Enda O’Connell won the Health Zone back in 2012, and won €500 to spend on public engagement with science.
Let’s take a look at how he spent his prize money!
I took part in the first ever Irish I’m a Scientist, Get me out of here in 2012, and slotted into that year’s Health Zone as I work in the National University of Ireland, Galway in the area of biomedical science, mainly in cancer research and stem cell biology. This was my first ever involvement with science outreach and engagement and I had an amazing experience, which I put down to the infectious enthusiasm shown by the students for science during the online chats.

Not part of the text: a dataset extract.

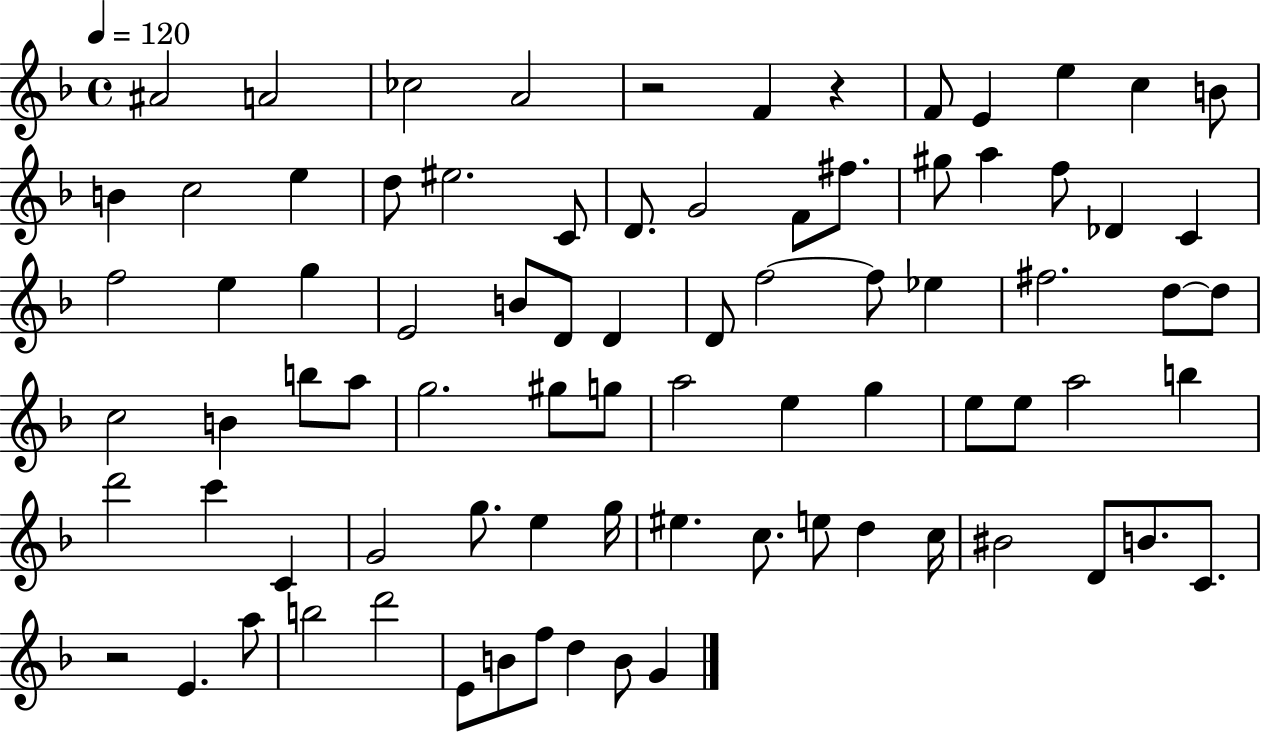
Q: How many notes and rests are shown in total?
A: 82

One of the tools I use every day is an automated liquid handling system called Janus (manufactured by Perkin Elmer), which was dubbed a “cancer-fighting robot” by one of the students taking part. They seemed fascinated by Janus and wanted to know if “she” could talk and walk, had ever attacked me in the lab or whether I was, in fact, in love with her! I got a great kick out of answering their written questions too, and for two weeks I became an expert in food (eggs, fizzy drinks and healthy sweets), anatomy (tongues, tonsils and belly buttons) and superheroes (Iron Man’s elements and Spiderman’s not-so-super powers).

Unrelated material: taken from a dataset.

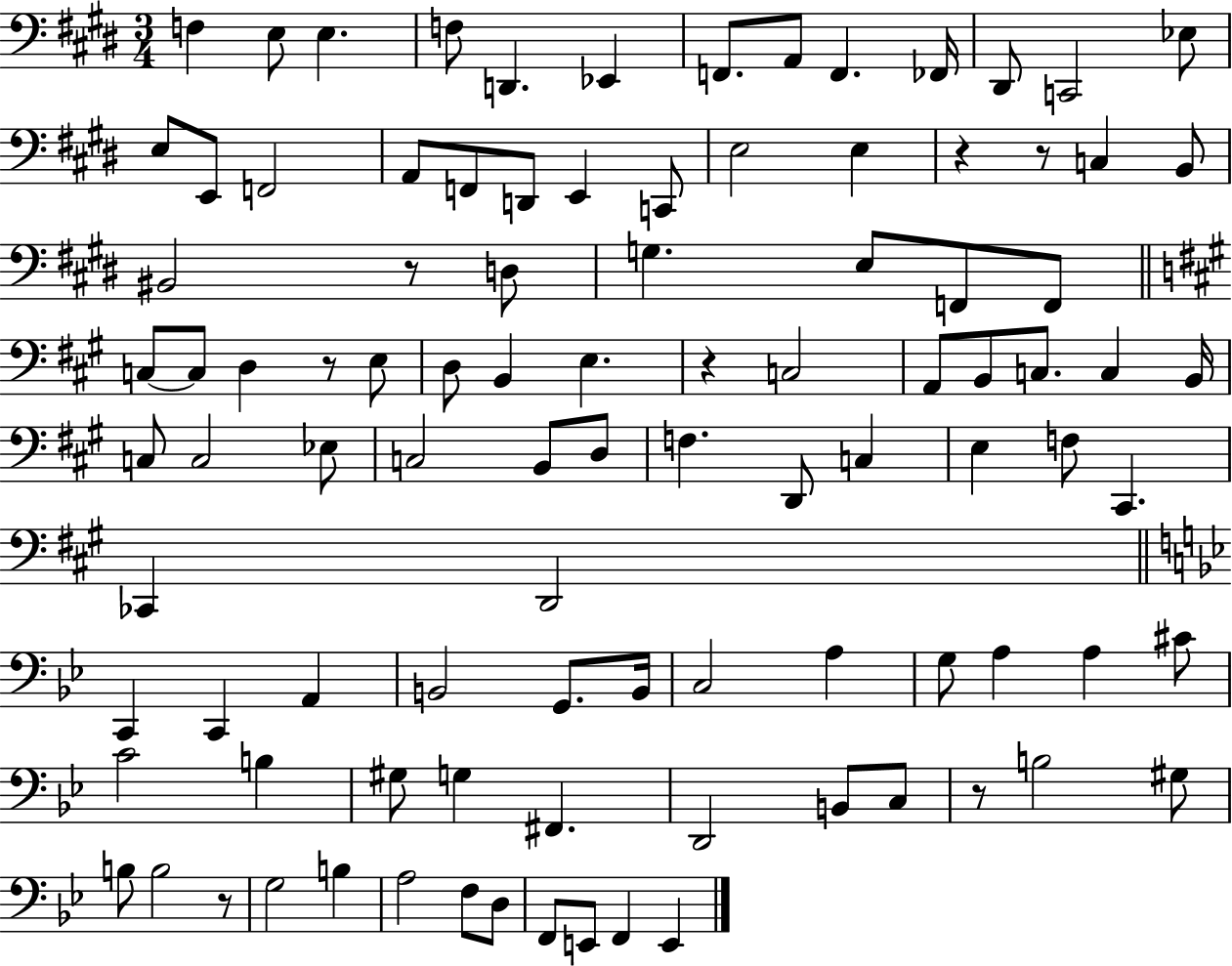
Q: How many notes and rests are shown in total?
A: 98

My idea for using the €500 I’m a Scientist prize money was to launch a video competition in secondary schools in Galway to enable students to engage with and communicate a scientific topic in less than 3 minutes. The University liked the idea and I was able to secure extra funding through the College of Science and the Students’ Union to launch in primary schools too.
I put together a team of enthusiastic science staff and students and we launched ReelLife Science in September 2013. The response was great, and we received videos from all parts of Galway on topics such as Astrobiology, Stem Cells, Keeping Healthy and the Environment. We got some great coverage in the national and local press and online, and I also gave a couple of interviews promoting the competition to local radio stations. We used social media quite a lot and engaged with the public through a blog, Facebook page, and Twitter feed (@ReelLifeScience).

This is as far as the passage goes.